Saturday, May 31, 2014

Heave Ho!!!

     Once I got over the initial buyer's remorse after we bought what we affectionately referred to as the "Blue House", it became clear that the first step was that we had to empty it out and clean it. I researched dumpsters in the area and finally found a company that would drop a 30 yard dumpster at our back porch for a week.  The day it showed up Jonathan and I arrived wearing durable clothes, gloves and face masks.  There wasn't a lot of mold, but we weren't taking any chances. For good measure I took off my eye glasses and put them on one of the mantles for safe keeping.  My theory behind this move was that if I couldn't actually see what I was touching then it wasn't really in my hands.

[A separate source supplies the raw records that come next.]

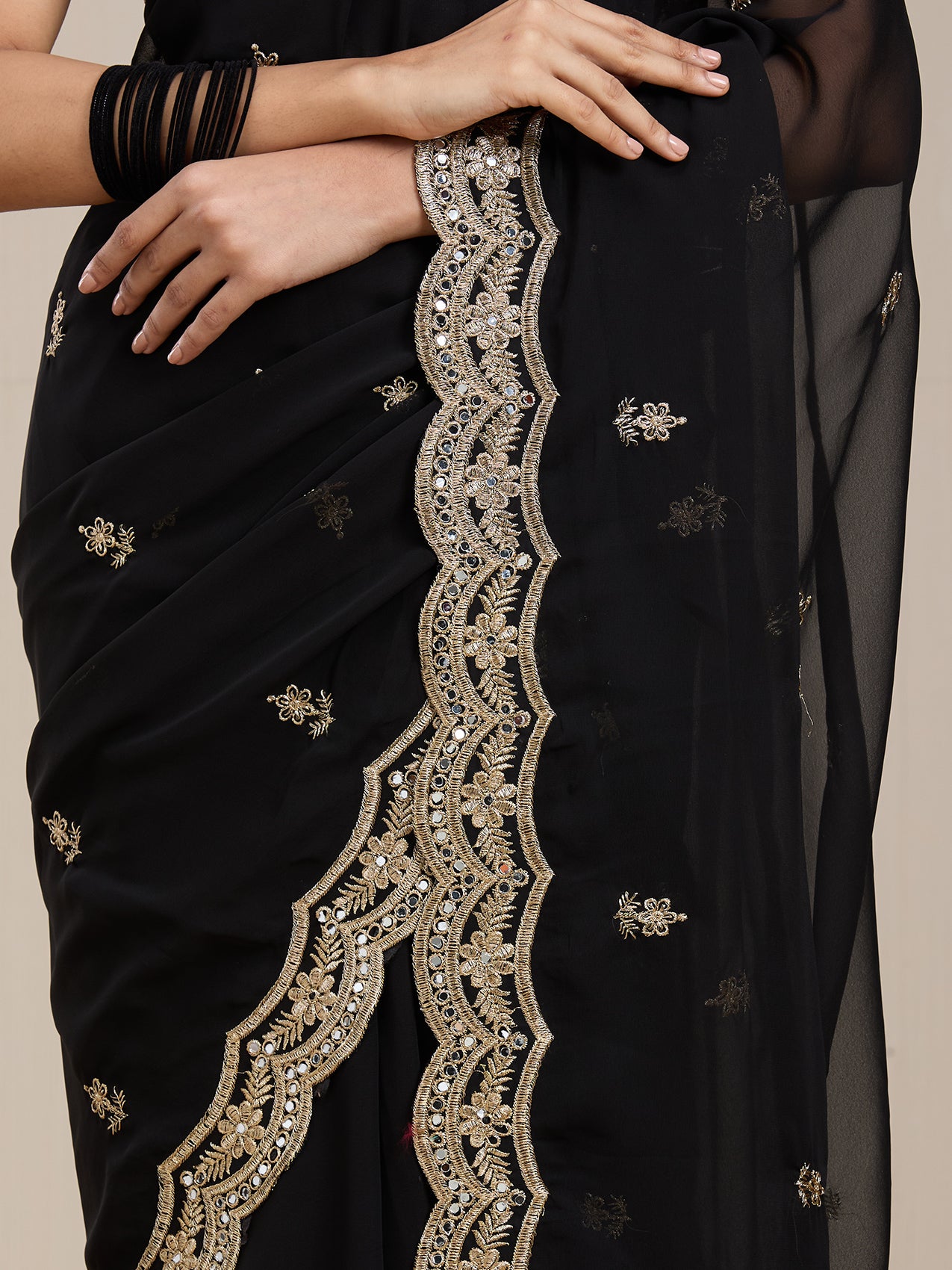 Vervee Couture Black Embellished Poly Georgette Saree with Zari Border | EKA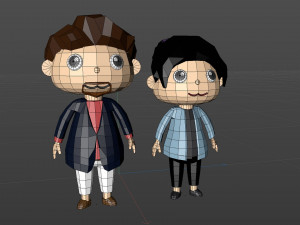Low poly Cartoon character Office worker 3D Model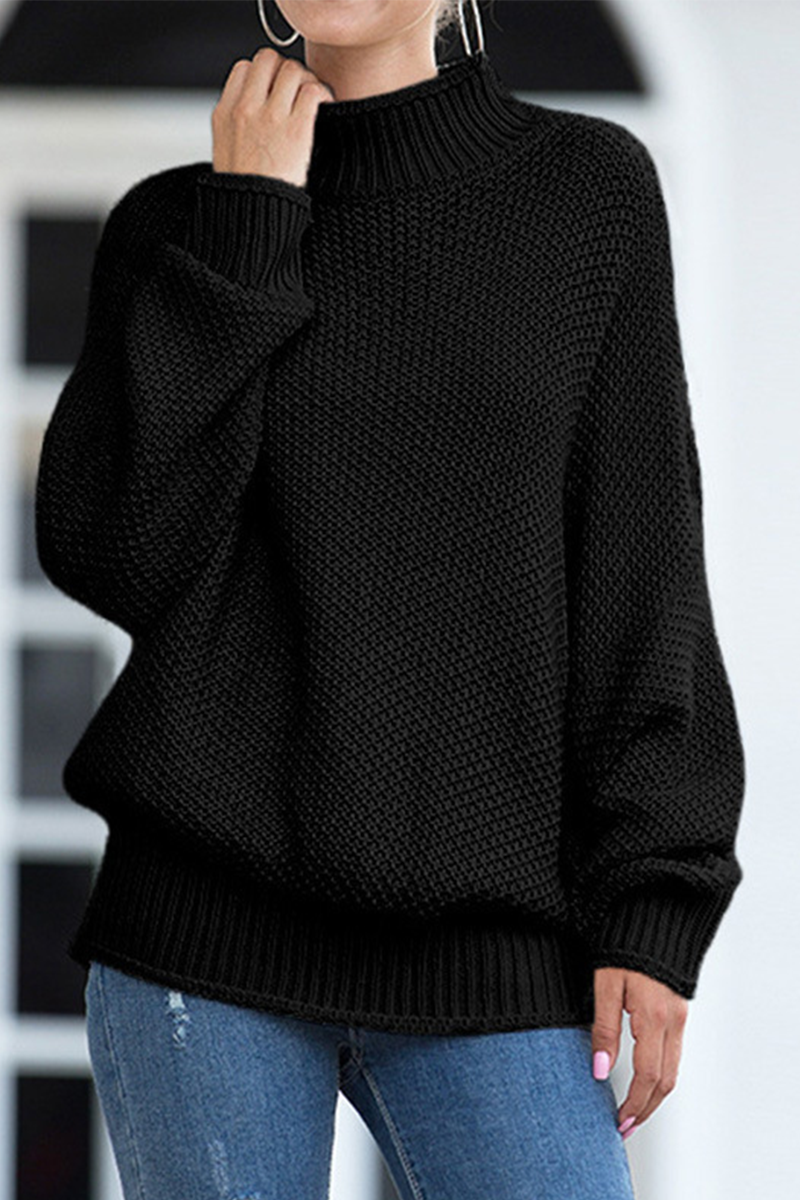 Tops casuales de cuello alto con parches sólidos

I know, irrational, but desperate times called for any measure of any kind to get the job done.

  Anyone who knows Jonathan and I knows that as laid back as we can come across to folks, we can really work when we need to get a job finished. We were relentless with this project, though I got sidetracked now and then by old newspapers. It was fun to read what people were writing about in the 50's, until Jonathan would jolt me back to reality by barking at me to get back to work.  We made trip after trip walking up and down the concrete back steps, like drones on a mission.  Below is our lovely sun porch. It had a hole in the roof, and thanks to a few rain storms all of the stuff in the photo was soggy. It made the job just that much more fun.

This is our "Kitchen". I wasn't lying when I said that the house was painted in a spectacular shade of burn your eyeballs in their sockets green.  The rest of the rooms weren't quite as full as these two, but they still provided a lot of trekking to and from the dumpster.  The two car garage scared me to pieces, since I have a fear of creepy crawly things and it seemed to me like a brilliant first class hideout for all of the creepy crawlies in SC.  However, when we'd finally gotten the house as empty as we could it was time to tackle the garage.  Most of the time I was holding my breath while doing the garage portion of "evacuate the crap", so my memories of it are hazy due to oxygen deprivation.  It was definitely better that way.  One thing struck me while we were getting rid of all of this eccentric dead guy's garbage. I kept expecting to see a mouse, or a spider, cockroach, anything that would scuttle and cause me to leap to the ceiling. All I found for animal/insect evidence was a mummified bird, who had probably found it's way down the chimney by accident.  I began to wonder if the house had some sort of curse on it that kept living creatures from being able to survive under it's roof and partially collapsed roof. Maybe it emitted a odorless gas that told the wildlife to stay away, but us dumb humans would suck it into our lungs and only realize what was going on right before paralysis set in.  These aren't the sort of thoughts you should be having when you've just bought your first house, but this was the mood I was in on that first day of heaving out.  
Now don't be jelly of our delightful claw footed tub!  I guess the former owners couldn't bear to have any of that leftover green paint go to waste, so they gave the tubby a quick splash of it to ensure not one room would be spared the tasteful effect of this irresistible shade.  Later, I discovered it's actually quite common in the period to paint the lower half of a claw foot tub, but I prefer to imagine the former owners just being cruel.  My hatred for what they'd done to this house has spurned my work ethic immeasurably over the last few months.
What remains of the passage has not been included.